In this study, we analyzed each item of MNA and GLIM separately in hospitalized and non-hospitalized ICU patients. The results showed significant differences between hospitalized and non-hospitalized ICU patients in item 1 of MNA (p-value = 0.01), which is related to a reduction in food consumption in the three months before the disease, and item 3 (p-value = 0.003), which is related to the level of patient mobility during hospitalization. Approximately 67.8% of non-hospitalized ICU patients had a moderate reduction in food intake in item 1 of MNA, while 41.6% of hospitalized ICU patients had a moderate decrease in food intake in the three months before COVID-19. On the other hand, 18.8% of non-hospitalized ICU patients did not have a decrease in food intake, and 58.3% of hospitalized ICU patients did not have a decrease in food intake. It can be interpreted that hospitalized ICU patients consume more medication, including corticosteroids. One of the side effects of these medications is an increase in patients' appetite31, as some hospitalized ICU patients reported an increase in their appetite and food intake during hospitalization.
In the analysis conducted on item 3 of the MNA tool, which relates to patients' mobility, approximately 5.6% of non-ICU hospitalized patients and 33.3% of ICU hospitalized patients were unable to get out of bed; 49.6% of non-ICU hospitalized patients and 50% of ICU hospitalized patients could get out of bed but were unable to walk, and 44.7% of non-ICU hospitalized patients could leave the ward and walk, while only 16.7% of ICU hospitalized patients had this ability. The reason for this is related to the clinical condition of patients and their hospital ward, where COVID-19 patients hospitalized in the ICU due to various reasons, including low oxygen saturation and shortness of breath, have less mobility compared to non-ICU hospitalized patients.

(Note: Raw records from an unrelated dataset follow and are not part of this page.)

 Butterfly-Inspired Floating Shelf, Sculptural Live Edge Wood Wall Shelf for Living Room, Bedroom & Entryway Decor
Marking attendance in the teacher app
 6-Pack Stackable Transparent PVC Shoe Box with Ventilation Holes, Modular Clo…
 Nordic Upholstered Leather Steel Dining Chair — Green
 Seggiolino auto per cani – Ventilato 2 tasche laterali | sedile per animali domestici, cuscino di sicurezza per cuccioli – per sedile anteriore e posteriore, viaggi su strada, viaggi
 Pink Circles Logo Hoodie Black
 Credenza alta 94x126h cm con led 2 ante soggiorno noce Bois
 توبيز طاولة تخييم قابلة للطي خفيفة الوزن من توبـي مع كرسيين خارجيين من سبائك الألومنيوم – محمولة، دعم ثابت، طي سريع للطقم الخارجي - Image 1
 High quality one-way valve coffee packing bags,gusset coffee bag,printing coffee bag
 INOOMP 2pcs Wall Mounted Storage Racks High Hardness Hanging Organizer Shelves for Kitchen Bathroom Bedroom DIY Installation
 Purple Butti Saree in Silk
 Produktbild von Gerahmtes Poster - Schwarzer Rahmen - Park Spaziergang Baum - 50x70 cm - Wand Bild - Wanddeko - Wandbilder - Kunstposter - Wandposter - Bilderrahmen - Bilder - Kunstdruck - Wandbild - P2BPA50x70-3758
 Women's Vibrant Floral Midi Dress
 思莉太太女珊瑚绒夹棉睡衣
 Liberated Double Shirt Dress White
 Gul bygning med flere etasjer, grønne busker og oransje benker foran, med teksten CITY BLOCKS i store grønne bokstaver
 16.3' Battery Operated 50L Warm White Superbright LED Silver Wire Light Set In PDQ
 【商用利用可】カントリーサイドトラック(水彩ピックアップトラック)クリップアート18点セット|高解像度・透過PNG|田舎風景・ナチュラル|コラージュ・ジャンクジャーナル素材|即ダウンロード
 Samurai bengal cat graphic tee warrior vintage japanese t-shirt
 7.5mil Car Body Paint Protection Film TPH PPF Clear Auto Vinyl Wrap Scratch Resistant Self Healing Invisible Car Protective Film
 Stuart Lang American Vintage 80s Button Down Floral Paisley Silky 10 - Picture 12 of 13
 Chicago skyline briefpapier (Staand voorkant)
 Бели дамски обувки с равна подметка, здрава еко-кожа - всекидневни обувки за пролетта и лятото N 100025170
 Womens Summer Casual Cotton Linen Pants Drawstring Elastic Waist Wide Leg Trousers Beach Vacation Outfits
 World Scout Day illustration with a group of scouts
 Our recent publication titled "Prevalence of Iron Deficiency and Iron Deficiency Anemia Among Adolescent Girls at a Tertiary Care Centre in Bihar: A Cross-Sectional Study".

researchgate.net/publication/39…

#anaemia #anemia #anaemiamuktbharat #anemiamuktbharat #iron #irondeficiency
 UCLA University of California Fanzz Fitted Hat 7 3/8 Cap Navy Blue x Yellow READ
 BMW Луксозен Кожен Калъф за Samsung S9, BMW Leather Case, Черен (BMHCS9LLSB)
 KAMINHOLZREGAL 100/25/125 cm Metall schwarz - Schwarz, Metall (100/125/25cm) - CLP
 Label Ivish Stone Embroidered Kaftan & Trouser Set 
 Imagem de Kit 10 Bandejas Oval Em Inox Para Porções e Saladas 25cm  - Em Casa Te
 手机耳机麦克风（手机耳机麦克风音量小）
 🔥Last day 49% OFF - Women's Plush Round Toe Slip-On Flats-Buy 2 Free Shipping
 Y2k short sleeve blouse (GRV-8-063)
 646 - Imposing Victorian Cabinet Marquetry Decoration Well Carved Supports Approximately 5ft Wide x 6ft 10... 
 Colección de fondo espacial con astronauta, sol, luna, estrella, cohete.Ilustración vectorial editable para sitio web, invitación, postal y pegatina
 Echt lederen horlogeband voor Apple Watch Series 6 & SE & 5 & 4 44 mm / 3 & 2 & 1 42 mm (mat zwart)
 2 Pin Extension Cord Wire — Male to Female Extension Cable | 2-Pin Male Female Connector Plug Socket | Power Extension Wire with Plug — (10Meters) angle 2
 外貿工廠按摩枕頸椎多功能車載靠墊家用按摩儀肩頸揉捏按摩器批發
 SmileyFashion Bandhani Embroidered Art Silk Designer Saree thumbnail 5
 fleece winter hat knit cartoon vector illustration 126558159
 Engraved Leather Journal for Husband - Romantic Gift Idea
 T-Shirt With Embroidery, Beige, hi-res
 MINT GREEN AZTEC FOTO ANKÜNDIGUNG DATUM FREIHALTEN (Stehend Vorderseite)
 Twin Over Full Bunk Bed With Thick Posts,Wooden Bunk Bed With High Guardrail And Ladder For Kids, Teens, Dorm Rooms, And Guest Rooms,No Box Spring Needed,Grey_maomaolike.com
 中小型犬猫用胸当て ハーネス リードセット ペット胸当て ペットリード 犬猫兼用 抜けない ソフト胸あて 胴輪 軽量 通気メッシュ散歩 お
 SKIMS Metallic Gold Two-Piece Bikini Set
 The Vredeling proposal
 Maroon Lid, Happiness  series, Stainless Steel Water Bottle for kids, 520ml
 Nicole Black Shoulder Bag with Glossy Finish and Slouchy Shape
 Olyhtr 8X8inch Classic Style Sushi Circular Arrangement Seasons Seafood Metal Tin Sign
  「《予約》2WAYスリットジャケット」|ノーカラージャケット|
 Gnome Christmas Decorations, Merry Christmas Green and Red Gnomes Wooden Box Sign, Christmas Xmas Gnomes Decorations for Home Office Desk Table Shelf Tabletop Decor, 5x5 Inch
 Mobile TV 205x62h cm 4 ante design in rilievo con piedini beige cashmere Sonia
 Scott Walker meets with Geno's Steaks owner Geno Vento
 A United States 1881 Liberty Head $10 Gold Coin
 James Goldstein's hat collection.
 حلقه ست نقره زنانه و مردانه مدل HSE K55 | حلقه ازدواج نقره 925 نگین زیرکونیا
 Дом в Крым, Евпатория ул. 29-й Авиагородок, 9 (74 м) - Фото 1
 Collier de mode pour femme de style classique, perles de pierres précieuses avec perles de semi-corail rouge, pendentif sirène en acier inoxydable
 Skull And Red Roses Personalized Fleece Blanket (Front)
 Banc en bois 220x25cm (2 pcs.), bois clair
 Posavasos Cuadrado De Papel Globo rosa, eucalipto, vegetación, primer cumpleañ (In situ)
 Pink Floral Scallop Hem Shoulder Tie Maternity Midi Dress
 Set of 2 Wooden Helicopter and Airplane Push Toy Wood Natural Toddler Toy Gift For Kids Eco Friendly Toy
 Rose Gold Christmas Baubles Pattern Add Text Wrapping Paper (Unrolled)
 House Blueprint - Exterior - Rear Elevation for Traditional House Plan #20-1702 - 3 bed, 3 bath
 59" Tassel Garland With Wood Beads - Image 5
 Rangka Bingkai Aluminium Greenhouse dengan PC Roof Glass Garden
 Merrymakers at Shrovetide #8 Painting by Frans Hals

In this study, there were also some limitations. In addition to the MNA tool and GLIM criteria, we also used the NUTRIC-score questionnaire, but meaningful data could not be obtained due to the low number of analyzed patients. Furthermore, due to limitations in facing patients to measure their nutritional status using the GLIM criteria, their muscle mass was not determined from the phenotypic criteria, which based on previous studies, does not affect the results17. Additionally, since all patients were diagnosed with COVID-19, inflammatory conditions were considered for all of them.